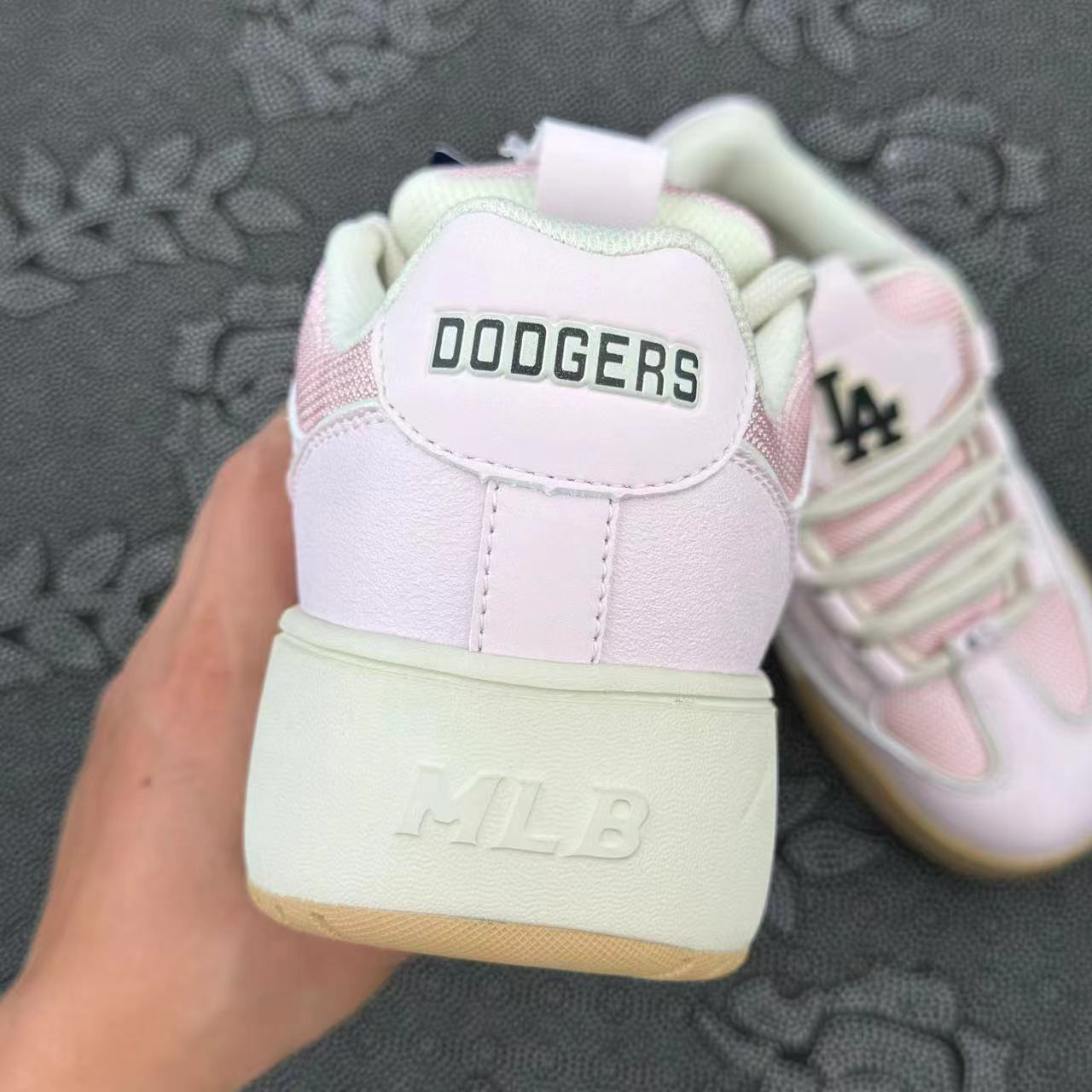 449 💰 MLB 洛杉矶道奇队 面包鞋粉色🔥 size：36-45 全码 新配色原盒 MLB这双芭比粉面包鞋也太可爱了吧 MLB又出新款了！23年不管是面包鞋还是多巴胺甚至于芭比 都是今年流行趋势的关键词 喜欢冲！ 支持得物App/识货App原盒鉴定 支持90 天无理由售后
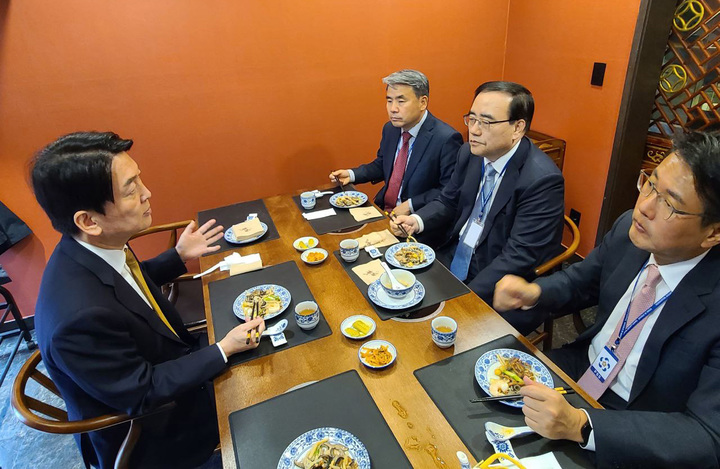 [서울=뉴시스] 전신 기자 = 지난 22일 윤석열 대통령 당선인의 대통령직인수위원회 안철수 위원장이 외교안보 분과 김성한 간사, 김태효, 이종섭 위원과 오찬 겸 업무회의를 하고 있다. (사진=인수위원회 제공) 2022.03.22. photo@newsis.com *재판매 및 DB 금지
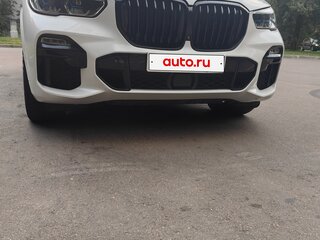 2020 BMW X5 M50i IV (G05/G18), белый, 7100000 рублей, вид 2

──────

▸ **WORK INSTRUCTION**
The aim is an exact repeat of the entire listing, stripped of pictures.

▸ **ANSWER BOX**
 449 💰 MLB 洛杉矶道奇队 面包鞋粉色🔥 size：36-45 全码 新配色原盒 MLB这双芭比粉面包鞋也太可爱了吧 MLB又出新款了！23年不管是面包鞋还是多巴胺甚至于芭比 都是今年流行趋势的关键词 喜欢冲！ 支持得物App/识货App原盒鉴定 支持90 天无理由售后
 [서울=뉴시스] 전신 기자 = 지난 22일 윤석열 대통령 당선인의 대통령직인수위원회 안철수 위원장이 외교안보 분과 김성한 간사, 김태효, 이종섭 위원과 오찬 겸 업무회의를 하고 있다. (사진=인수위원회 제공) 2022.03.22. photo@newsis.com *재판매 및 DB 금지
 2020 BMW X5 M50i IV (G05/G18), белый, 7100000 рублей, вид 2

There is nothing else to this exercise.